Back to the Future: Generative AI may return us to the 1990s
/If I told most people that I was building a new system that could change the world, they would likely want to hear more. If I then said that it had a few issues like exponential growth in costs, supply chain limitations, and potential legal problems, the discussion would probably end. Quickly. That’s increasingly where we find ourselves with Generative AI.
Training AI is expensive
Many scientists have observed that we may be approaching the limits of using online data to train Large Language Models (LLMs) with massive numbers of “parameters”, used to establish relationships between bits of words (“tokens”). As the number of parameters has exploded from hundreds to millions, the processing power required has grown exponentially. Since these models need huge amounts of data to learn from, crawlers try to consume the entire Internet. We have massively complex models ingesting massively larger amounts of data.
The cost (time and electric power) to train models is becoming unsustainable. Using rented processors, training a modern, general-purpose model from scratch on today’s data sets can cost tens of millions of dollars.
We are running out of good training data
In addition to cost issues, there may be limits on how much data we can feed AI. As big as it is, the Internet isn’t infinite. Once your massive models have scaped all available online data, what’s left to train with? An often-cited paper projects we may start running out of training data as early as 2030 (arXiv:2211.04325 [cs.LG])
When you are out of new data to ingest, you either stop training or you begin to consume output that was synthesized by other AI. Stopping freezes learning. Training from synthesized data puts you in a sort of echo chamber; your models can quickly spiral into learning from the errors produced by others which create new errors that are again used to train others. This is referred to as model collapse (arXiv:2305.17493 [cs.LG]). It’s inbreeding with data, and probably won’t end well.
And “content creators” are increasingly taking steps to limit the use of their work to train models they will compete with (one of the demands behind Hollywood’s actors and writers strike is that AI not be used to displace them). This will further limit the amount of training data available.
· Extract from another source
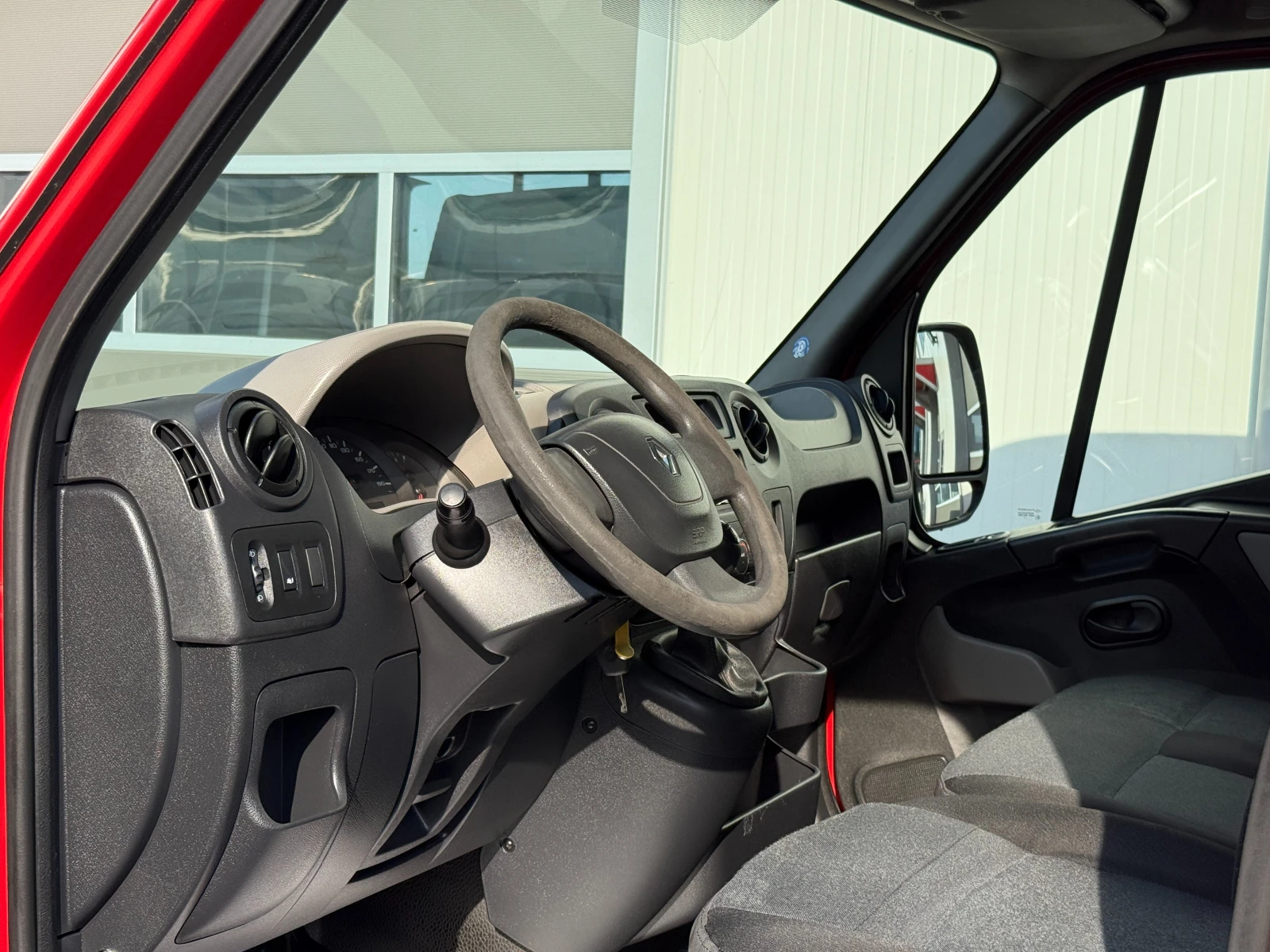 Renault Master 2.3dci, снимка 9 - Бусове и автобуси - 55439957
Training data might be illegal to use
Content creators aren’t just looking to block their work from being scraped. They are suing and claiming that AI trained on their work is producing “derivative” works. The courts must decide where the line is between a derivative work and an original work that has been immaterially influenced by exposure. If I paint an original picture, I'm probably influenced by every painting I've ever seen. That isn't considered misuse of all prior painter's IP. The closer I get to copying an individual work, the closer I come to creating a derivative work. Is it different when a machine does the same thing? Probably not, but the lines haven’t been drawn. Yet.
Once the courts and congress do draw lines, what happens to all the AI models that have been contaminated by training with stuff that (retroactively) isn’t allowed? It’s a big enough concern that Microsoft announced they will assume copyright infringement risks related to customers use of their AI “copilot” service. There is also an emerging area called "machine unlearning" where you try to get a model to forget something without starting over. It’s like taking poison back out of a well. Watch that space closely.
Taken together
Where are we? Costs to consume massively larger data sets are becoming too high. Running out of “good” data to train with is a real possibility, and training from synthesized data is frightening. And training with scraped data today has risks that your models won’t comply with future law.
Back to the Future
Solving these issues may require a trip to the past. In the 1990s we did “data analytics” with much smaller amounts of data, and used it to generate predictions like customer buying trends. The algorithms were complex and we had to make sure the data was highly accurate as “garbage in gave garbage out”. We had small, curated data sets with complex algorithms to tease out value.
Then came the era of “big data”, enabled by social media and automation. As available data grew quickly, we simplified our analytics to look for patterns and clusters and began to personalize predictions. We no longer needed “clean” data, we just needed it “unbiased” and relevant to a specific task.
LLMs began to scrape the Internet to learn everything, unconstrained by a specific task, so the inputs grew from “big data” to “huge data”. There’s a lot of inaccurate data online, but also a lot of counter-data to remove bias thanks to the wisdom of the crowd.
As training costs grow unsustainably, and we exhaust available and usable sources, future LLM training will be constrained to learn from smaller amounts of new data. That will require more sophisticated approaches, such as augmenting LLMs with supervision and labeled data. More complex techniques using smaller data sets will once again require more accurate data to minimize errors.
Data lineage and curation will again grow in importance. I may start with a pre-trained LLM and carefully supplement the training with highly focused additional data through “transfer learning”. I will likely want my new, focused data to have greater significance, increasing the importance of its accuracy.
In the end, we may find that our future is back in 1990s style data management. Our algorithms will be swapped for models, but the importance of clean, curated data will grow. Otherwise, our generative AI may generate costs, errors, and lawsuits…but not value.